Since the gas is electrically neutral I would expect an even mix of positive
and negative charges in the spark.  I'm not sure how many of the negative
charges will be in the form of bare electrons and how many of them will be
in the form of negative ions.  I expect the fraction of each is mostly 
determined by the electronic/chemistry properties of the gas particles.

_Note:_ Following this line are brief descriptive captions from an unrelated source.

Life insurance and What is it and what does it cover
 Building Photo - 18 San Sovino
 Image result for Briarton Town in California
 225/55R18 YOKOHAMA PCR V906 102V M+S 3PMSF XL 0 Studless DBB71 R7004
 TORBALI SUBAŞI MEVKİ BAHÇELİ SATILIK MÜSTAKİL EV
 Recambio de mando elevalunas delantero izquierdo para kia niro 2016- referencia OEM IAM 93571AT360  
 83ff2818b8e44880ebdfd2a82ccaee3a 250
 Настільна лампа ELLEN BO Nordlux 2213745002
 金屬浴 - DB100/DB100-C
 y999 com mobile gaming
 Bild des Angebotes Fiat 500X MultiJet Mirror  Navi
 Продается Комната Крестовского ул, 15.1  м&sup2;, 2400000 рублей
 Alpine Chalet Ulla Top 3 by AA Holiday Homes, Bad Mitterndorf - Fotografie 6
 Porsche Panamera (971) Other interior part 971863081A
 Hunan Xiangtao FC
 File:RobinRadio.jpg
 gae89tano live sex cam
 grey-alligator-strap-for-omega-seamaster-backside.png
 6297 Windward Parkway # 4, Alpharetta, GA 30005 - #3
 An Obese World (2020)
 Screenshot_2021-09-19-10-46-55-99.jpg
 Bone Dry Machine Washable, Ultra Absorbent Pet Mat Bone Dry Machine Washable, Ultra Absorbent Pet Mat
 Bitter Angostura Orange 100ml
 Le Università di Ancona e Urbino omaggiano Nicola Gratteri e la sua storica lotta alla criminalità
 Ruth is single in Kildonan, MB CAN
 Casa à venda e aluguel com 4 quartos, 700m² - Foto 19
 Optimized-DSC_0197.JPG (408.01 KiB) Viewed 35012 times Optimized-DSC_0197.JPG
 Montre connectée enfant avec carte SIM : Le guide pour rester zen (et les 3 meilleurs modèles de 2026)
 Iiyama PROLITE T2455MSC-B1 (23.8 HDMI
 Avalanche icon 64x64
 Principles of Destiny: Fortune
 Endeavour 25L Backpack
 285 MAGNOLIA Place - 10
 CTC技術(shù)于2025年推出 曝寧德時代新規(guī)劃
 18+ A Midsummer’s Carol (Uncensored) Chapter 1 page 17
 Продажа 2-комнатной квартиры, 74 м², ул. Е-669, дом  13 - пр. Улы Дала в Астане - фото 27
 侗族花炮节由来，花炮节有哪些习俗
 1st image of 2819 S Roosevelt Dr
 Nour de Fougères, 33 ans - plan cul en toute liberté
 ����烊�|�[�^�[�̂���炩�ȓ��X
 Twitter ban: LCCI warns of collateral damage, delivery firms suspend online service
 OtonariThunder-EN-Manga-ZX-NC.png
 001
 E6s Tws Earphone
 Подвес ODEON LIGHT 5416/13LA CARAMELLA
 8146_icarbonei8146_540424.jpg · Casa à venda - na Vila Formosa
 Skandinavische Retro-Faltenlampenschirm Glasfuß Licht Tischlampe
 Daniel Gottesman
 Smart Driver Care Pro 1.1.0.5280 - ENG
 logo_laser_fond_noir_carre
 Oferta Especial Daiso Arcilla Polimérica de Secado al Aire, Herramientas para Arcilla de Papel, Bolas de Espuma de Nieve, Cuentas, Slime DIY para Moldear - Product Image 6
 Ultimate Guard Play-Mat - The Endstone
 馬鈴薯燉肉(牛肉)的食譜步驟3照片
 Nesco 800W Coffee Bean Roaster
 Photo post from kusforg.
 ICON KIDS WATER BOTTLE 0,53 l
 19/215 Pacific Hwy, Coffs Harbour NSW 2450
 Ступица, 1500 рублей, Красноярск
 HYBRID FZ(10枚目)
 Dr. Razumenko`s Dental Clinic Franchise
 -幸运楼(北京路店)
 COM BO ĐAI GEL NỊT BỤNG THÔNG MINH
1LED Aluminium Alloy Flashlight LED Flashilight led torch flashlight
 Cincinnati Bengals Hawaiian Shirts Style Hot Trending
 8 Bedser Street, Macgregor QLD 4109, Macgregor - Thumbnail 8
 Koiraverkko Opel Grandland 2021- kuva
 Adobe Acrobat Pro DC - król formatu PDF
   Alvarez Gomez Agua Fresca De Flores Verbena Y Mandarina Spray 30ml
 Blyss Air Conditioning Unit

Remember that when a bare electron collides with a neutral atom/molecule it
will either stick to it making a negative ion, bounce off possibly
electronically exciting the neutral particle, or knock off other secondary
electrons producing a positive ion and more electrons (which might then marry
up with other neutrals and make more negative ions).  Since the electron mass
is many thousands of times lower than the ion masses it is the bare electrons
that are colliding with other particles with the highest *speeds*.  *But* an
electron and a singly charged ion both accumulate the same kinetic energy
over the same distance in the same field.  I certainly don't know enough
about atomic physics and chemistry to know what the relative
(bare electron)/(negative ion) concentration ratio would be in the spark.

David Bowman
dbowman@gtc.georgetown.ky.us